Cem Küçük'ten Erdoğan İtirafı: Uçakta Sorular Önceden Mi Alınıyor?
Türkiye Gazetesi yazarı Cem Küçük'ten çarpıcı açıklamalar geldi. Küçük, Cumhurbaşkanı Recep Tayyip Erdoğan'a uçakta yöneltilecek soruların İletişim Başkanlığı tarafından önceden alındığını ve bazı soruların çıkarıldığını doğruladı. Bu durum, medya özgürlüğü ve gazetecilik etiği açısından tartışmaları beraberinde getirdi.
Sansür İddiaları ve Medyanın Rolü
Cem Küçük, İletişim Başkanlığı'nın "aykırı veya sorulmasını istemediği" soruları çıkardığını belirterek, bu uygulamanın neden yapıldığını anlamadığını ve yanlış bulduğunu ifade etti. Küçük, medyanın büyük bir bölümünün hükümet yanlısı olduğunu vurgulayarak, "Zaten uçaktaki gazeteciler ters ne sorabilir ki!" şeklinde konuştu.
Medya Ombudsmanı Faruk Bildirici de daha önce Cumhurbaşkanı Erdoğan'a sorulacak soruların saatler öncesinden kendisine ulaştığını açıklamıştı. Bu açıklamalar, Cumhurbaşkanı'na yöneltilen soruların önceden belirlendiği ve kontrol altında tutulduğu iddialarını güçlendiriyor.

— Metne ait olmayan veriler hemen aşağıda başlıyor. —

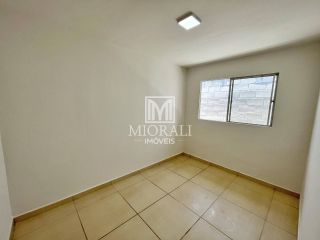 MC - Venda de casa 2 quartos Jardim dos Lírios na Cidade Universitária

Cem Küçük'ün açıklamaları şu şekilde:
- İletişim Başkanlığı uçaktaki her gazeteciden soracakları soruları alıyor.
- Aynı sorular olmasın diye dikkat ediliyor.
- İletişim Başkanlığı aykırı ya da sorulmasını istemediği soru varsa onları da çıkarıyor.
"Erdoğan Zor Sorulardan Memnun Kalır"
Cem Küçük, Cumhurbaşkanı Erdoğan'ın zor sorulardan memnuniyet duyacağını savunarak, "Ve hakkıyla da her soruyu cevaplar. Hatırlayın, uluslararası gazeteciler Erdoğan’a ne zor sorular sordu. Ne oldu? Erdoğan hepsinin ağzının payını verdi. FETÖ’cü gazeteciler 17/25 Aralık’ta sorular soruyordu. Erdoğan hepsini ezip geçiyordu. Yani Cumhurbaşkanı Erdoğan için zor soru diye bir şey yoktur" dedi.
Normalleşme Çağrısı ve Öneriler
Cem Küçük, normalleşme sürecine katkı sağlamak amacıyla ılımlı muhalif gazetecilerin de Cumhurbaşkanı Erdoğan'ın uçağına alınması gerektiğini önerdi. Ayrıca, Özgür Özel'in de yaptığı ziyaretlere hükümet yanlısı gazetecileri davet etmesi gerektiğini belirterek, siyasi kutuplaşmanın bu şekilde azaltılabileceğini ifade etti.
Cem Küçük'ün bu açıklamaları, Türkiye'deki medya özgürlüğü ve gazetecilik etiği tartışmalarını yeniden alevlendirdi. İletişim Başkanlığı'nın bu uygulaması, şeffaflık ve hesap verebilirlik ilkeleriyle ne kadar örtüşüyor? Bu durum, medyanın hükümet üzerindeki denetim rolünü nasıl etkiliyor? Bu sorular, önümüzdeki günlerde daha da çok tartışılacağa benziyor.